L’intervento, gestito dalla Sezione Sicurezza del Cittadino, Politiche per le migrazioni e Antimafia Sociale, si basa sul modello dell’“agopuntura urbana”: interventi mirati in aree circoscritte, caratterizzate da criticità specifiche, per migliorare concretamente la qualità della vita. L’avviso era rivolto ai Comuni sotto i 20mila abitanti.
Il progetto più consistente riguarda Galatone, che ottiene 50mila euro per riqualificare il Centro Servizi “Massimo Vitaliano”. Qui nascerà un laboratorio di legalità con sportelli informativi, tutoraggio allo studio e attività creative, dai podcast al teatro, affiancate da iniziative sportive leggere e percorsi di co-progettazione con il terzo settore.
A Cassano delle Murge, grazie a un finanziamento di 34.500 euro, sarà recuperato il fabbricato di piazza Merloni, destinato a diventare un centro polifunzionale con doposcuola, laboratori culturali e workshop di cittadinanza attiva, oltre ad attività ambientali e sportive.

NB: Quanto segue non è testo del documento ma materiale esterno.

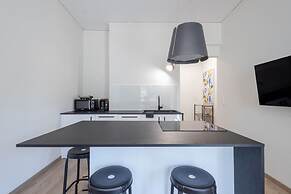 Spacious 3-bedroom Dual Apartment in City Centre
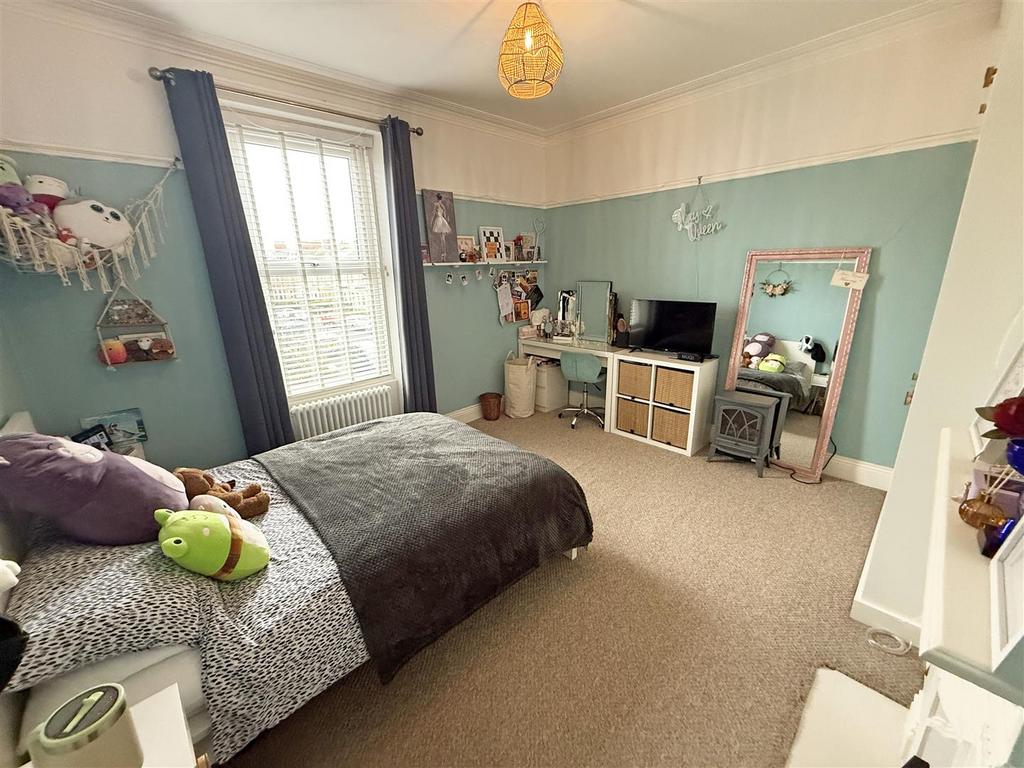 Bedroom 2.jpg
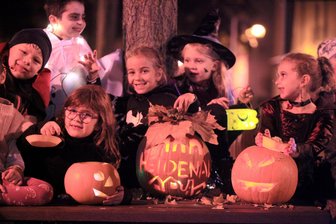 Zu Halloween Spaß haben? So gelingt es auch Erwachsenen in Mittelsachsen - Das Highlight zu Halloween ist es, mit vielen Freunden um die Häuser zu ziehen und Süßes oder Saures zu verlangen.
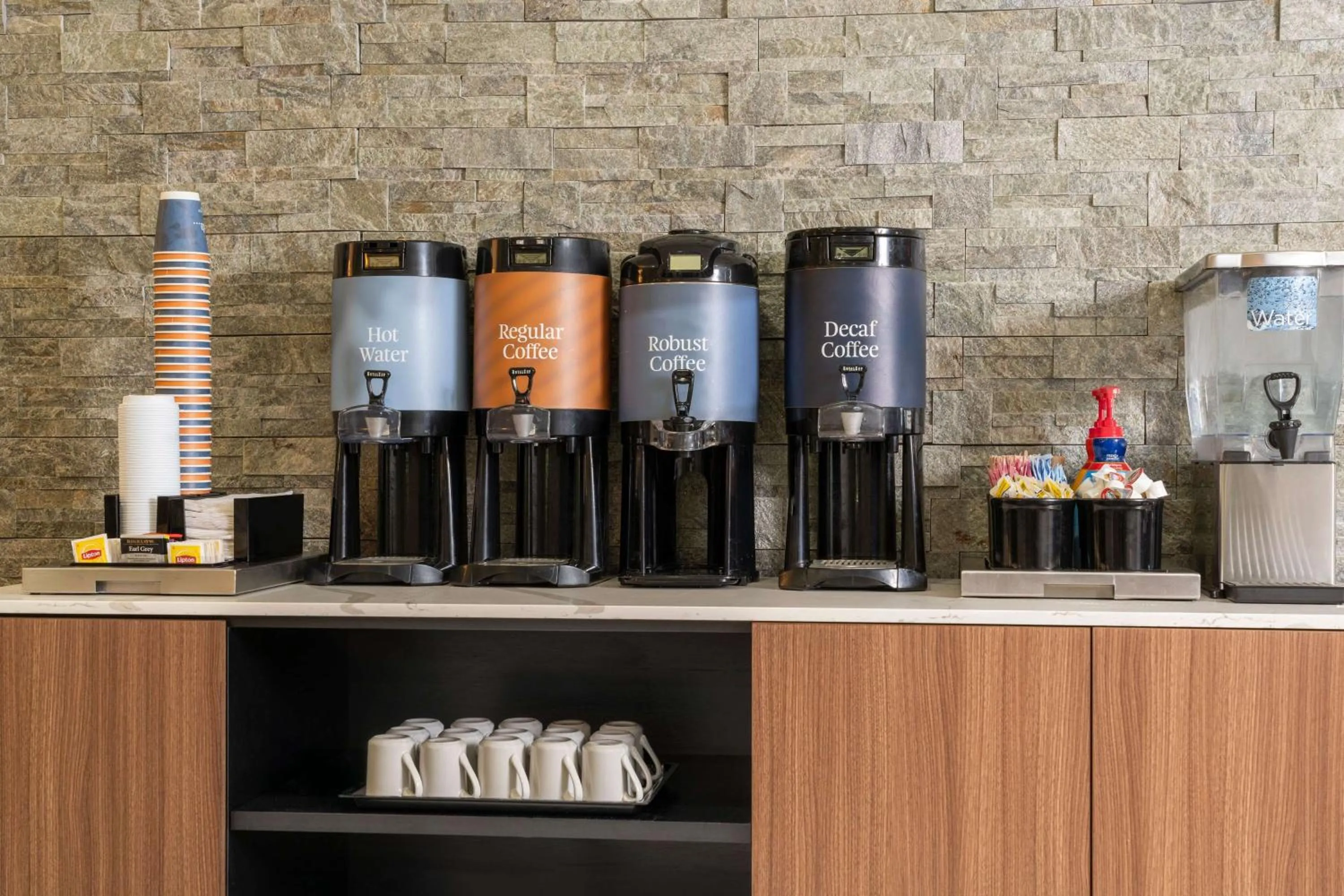 Dining area in Homewood Suites by Hilton Richmond - Airport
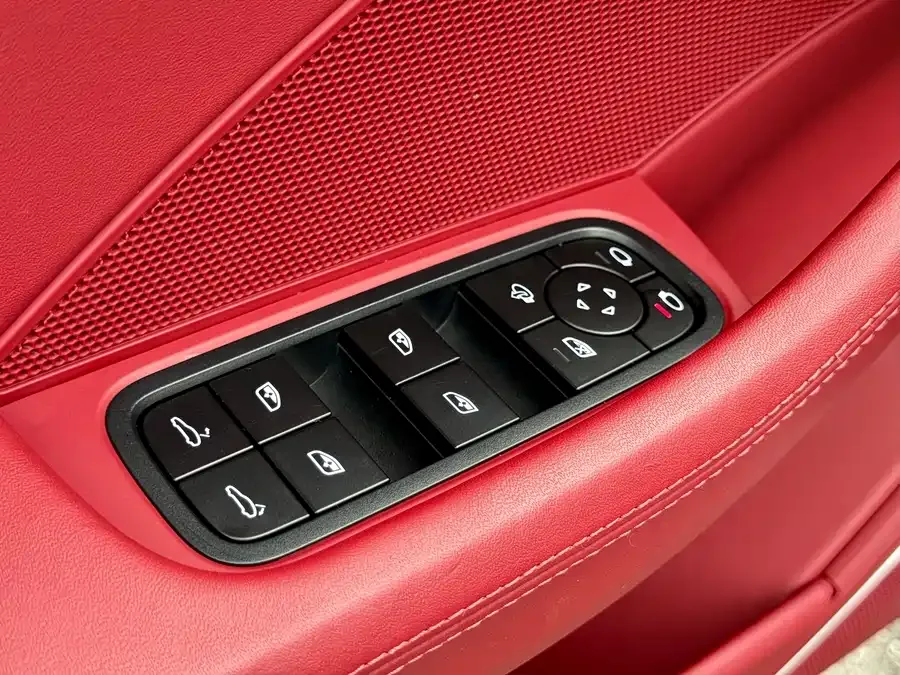 Porsche Panamera Panamera 2023 Panamera Executive Extended Platinum Edition 2.9T 2024 — миниатюра 4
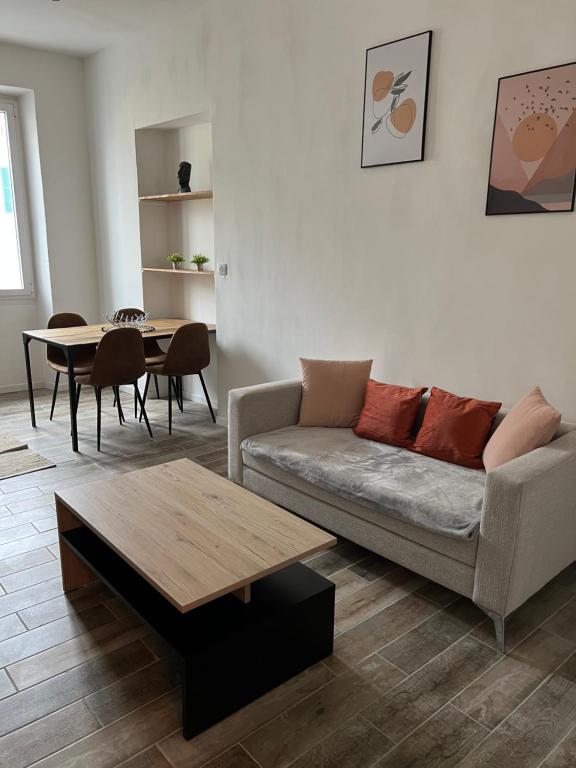 Cozy Apartment Old Antibes - B&B Antibes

Ugento punta invece sullo sport come strumento di inclusione: con circa 13.800 euro sarà rilanciata l’attività di un’associazione locale attraverso il padel, con tariffe agevolate e bonus per giovani provenienti da contesti fragili.
A Matino, infine, i 30mila euro stanziati serviranno a trasformare l’area adiacente al Dog Park comunale in un polo ricreativo ed educativo dedicato a giovani e famiglie, con attività legate anche all’educazione ambientale.